There are 264 million young people without access to school, with few signs of progress, says Unesco.
Around the world, almost one in 10 children does not even have access to primary level education.
The UN agency says wider access to education would radically reduce poverty and improve security.
The annual Global Education Monitoring Report tracks the numbers of young people in school and measures progress in international promises to ensure access to education.
And these latest Unesco figures, which show the position up to 2015, reveal "virtually no progress" in recent years.
The drive for access to school has been seen as vital for improving the health, economy and stability of some of the world's poorest countries.
But the annual figures show millions of families still without access to even the most basic education.
The worst out-of-school rates are in sub-Saharan Africa, where 21% of primary-age children and 36% of young teenagers are missing out on school.
The UN figures show about 61 million children are missing primary education.
But it also affects poorer families in Asia - and more than a third of young children without schools are concentrated in six countries:
For more than 25 years there have been targets from world leaders to ensure that all children can go to primary school - with successive deadlines missed.
The current target aims to achieve universal primary education by 2030, but the sobering UN report says that based on present trends children will be missing out on school "for generations to come".
Girls are disproportionately likely to miss out on education, and there are sharp divides between rich and poor.
In the poorest countries, children from wealthy families are nine times less likely to miss out on school than their poorer counterparts.
Accompanying the annual report is an analysis of how much global poverty could be reduced if access to education was widened.

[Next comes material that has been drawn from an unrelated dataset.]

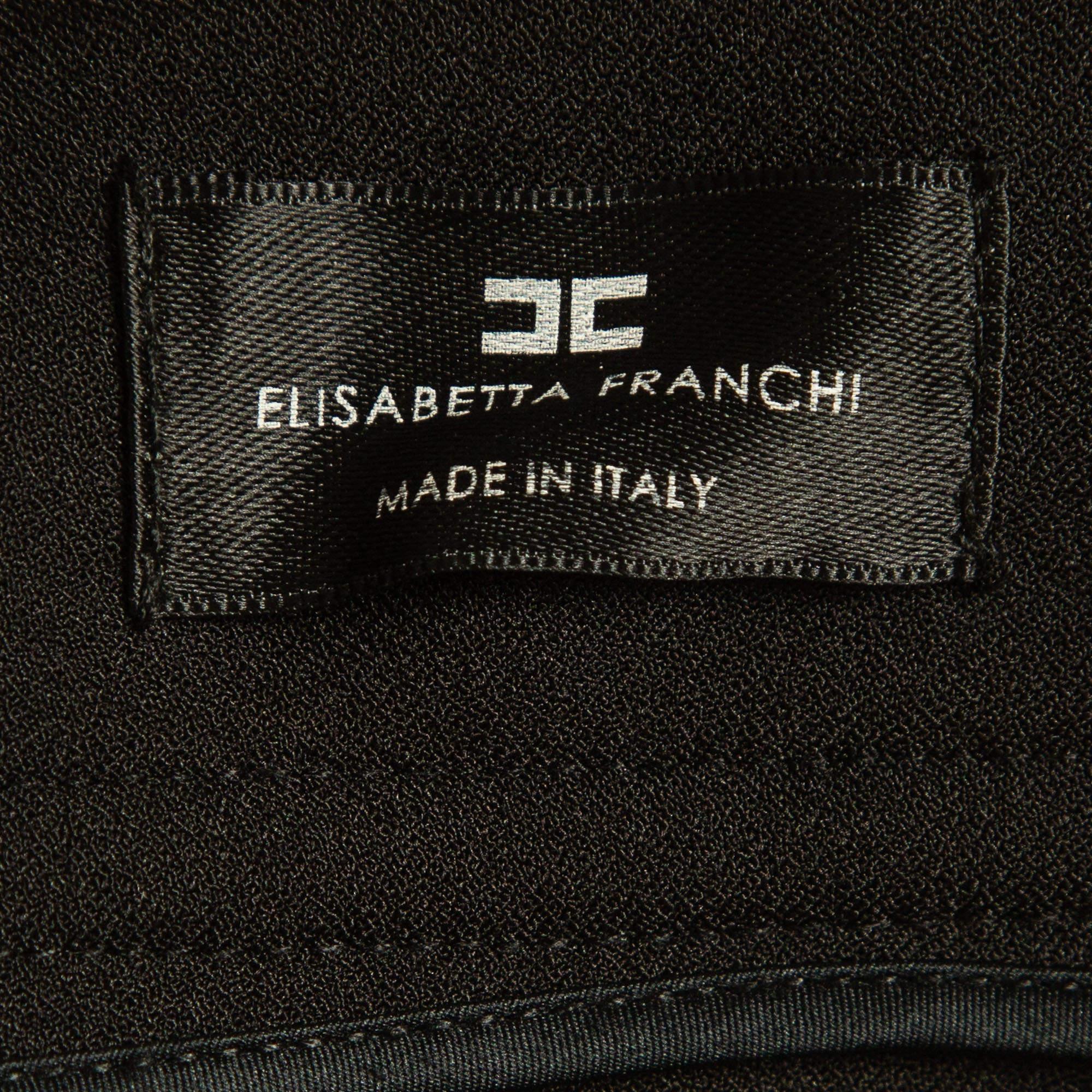 Women's Elisabetta Franchi Black Leather Trim Stretch Crepe Button Detail Mini Skirt L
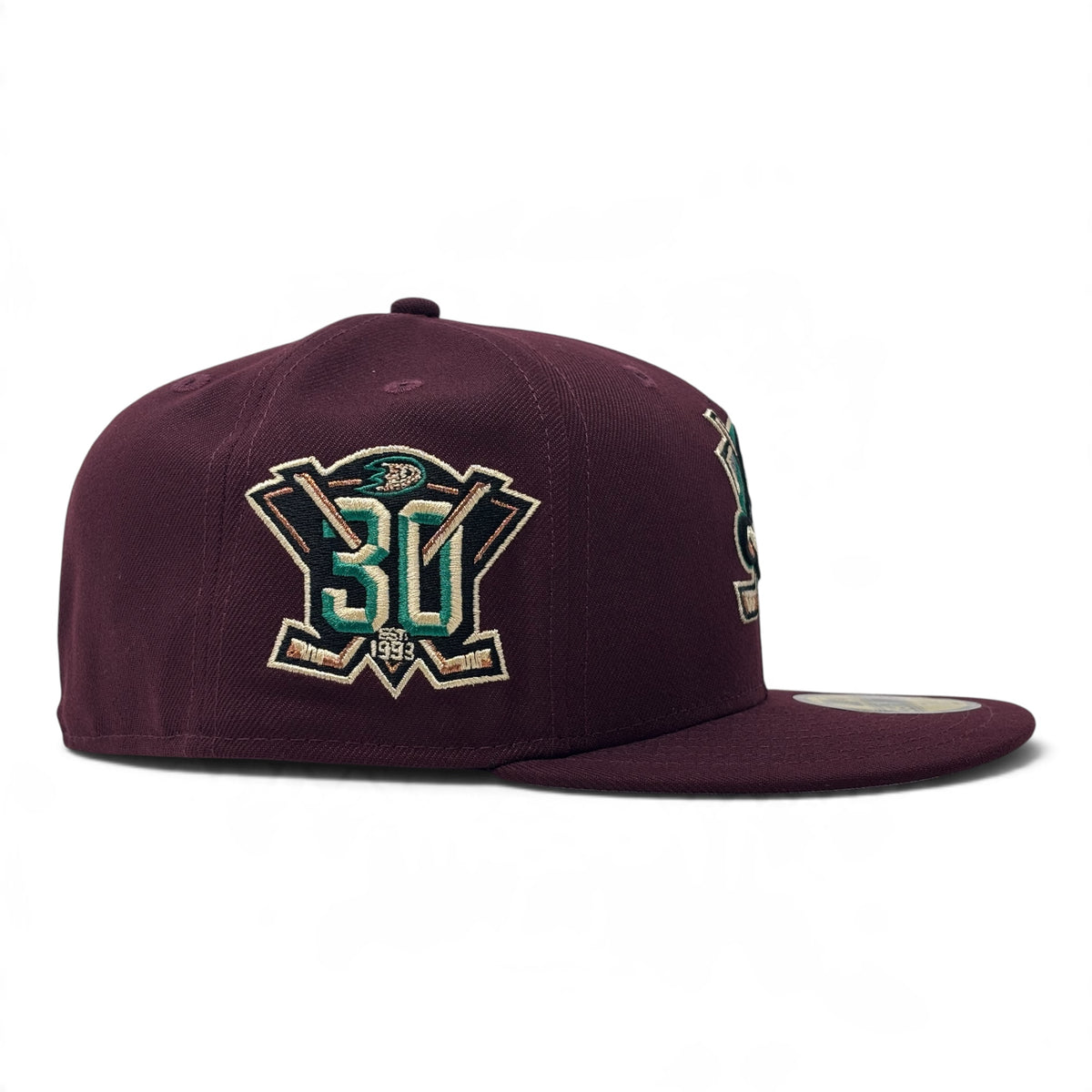 Anaheim Ducks 30th Anniversary 59Fifty New Era Fitted Hats-Maroon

The study says that if all adults could complete secondary education, the economic benefits would lift 420 million out of poverty, reducing by two-thirds the numbers in poverty in South Asia and sub-Saharan Africa.
But despite such potential gains, the report shows progress on reducing out-of-school numbers has stagnated.
There had been considerable progress in the early years of the century, but the proportion of young people without access to primary education has changed little since about 2008.